**PROBLEM REQUIREMENTS:**
Copy each line below exactly and leave the pictures out.

[Brief descriptive captions]
Start of Block
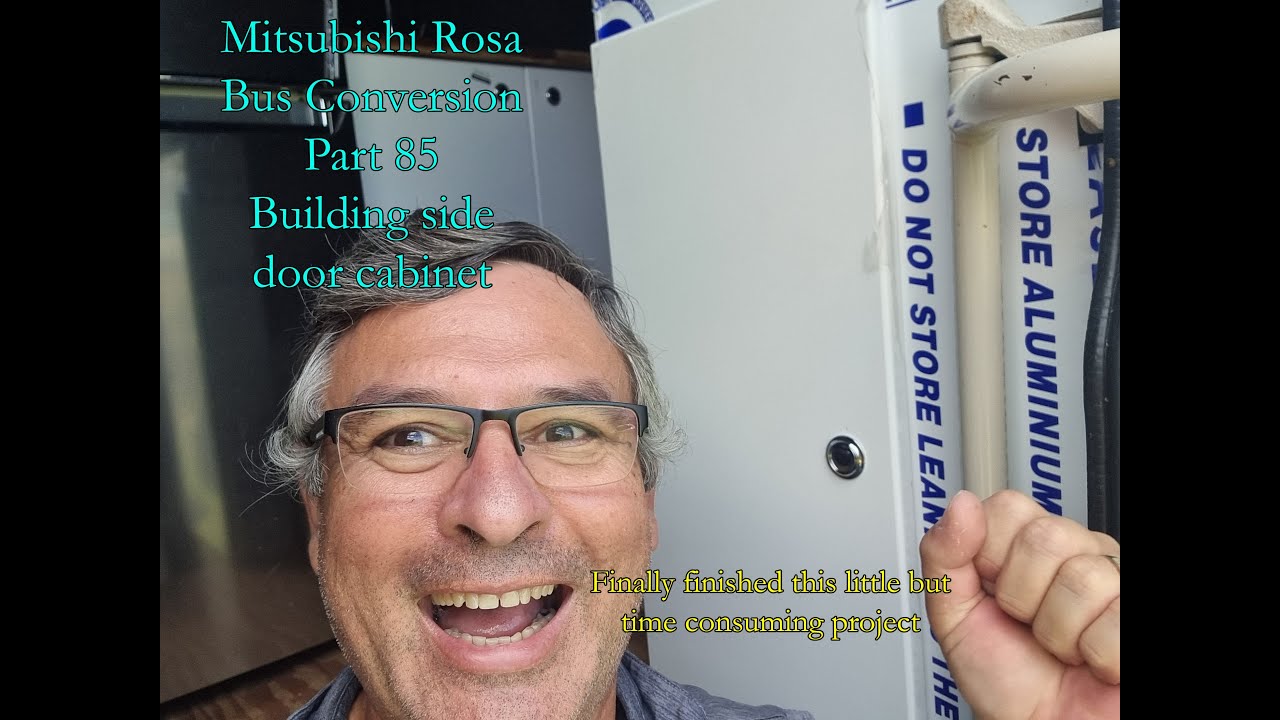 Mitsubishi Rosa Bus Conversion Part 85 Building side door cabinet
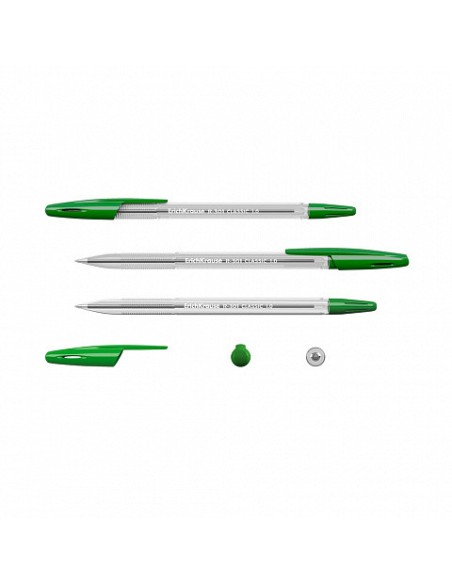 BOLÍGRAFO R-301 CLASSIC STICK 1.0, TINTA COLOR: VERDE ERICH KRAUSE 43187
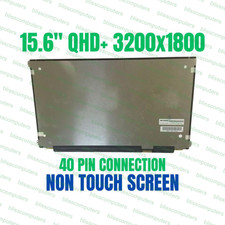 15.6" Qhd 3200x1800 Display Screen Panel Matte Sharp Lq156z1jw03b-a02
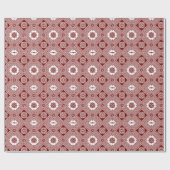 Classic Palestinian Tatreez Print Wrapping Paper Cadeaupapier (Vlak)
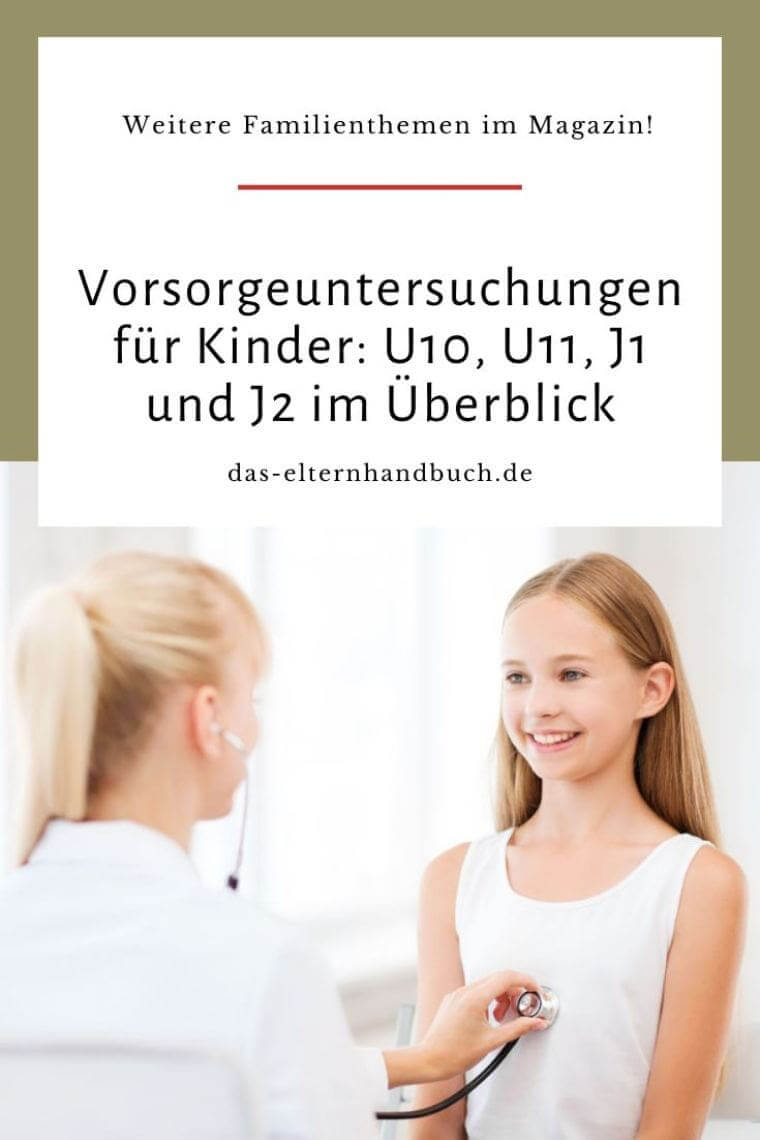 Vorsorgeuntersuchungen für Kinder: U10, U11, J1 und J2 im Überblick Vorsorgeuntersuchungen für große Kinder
End of Block
**TASK RESPONSE:**
 Mitsubishi Rosa Bus Conversion Part 85 Building side door cabinet
 BOLÍGRAFO R-301 CLASSIC STICK 1.0, TINTA COLOR: VERDE ERICH KRAUSE 43187
 15.6" Qhd 3200x1800 Display Screen Panel Matte Sharp Lq156z1jw03b-a02
 Classic Palestinian Tatreez Print Wrapping Paper Cadeaupapier (Vlak)
 Vorsorgeuntersuchungen für Kinder: U10, U11, J1 und J2 im Überblick Vorsorgeuntersuchungen für große Kinder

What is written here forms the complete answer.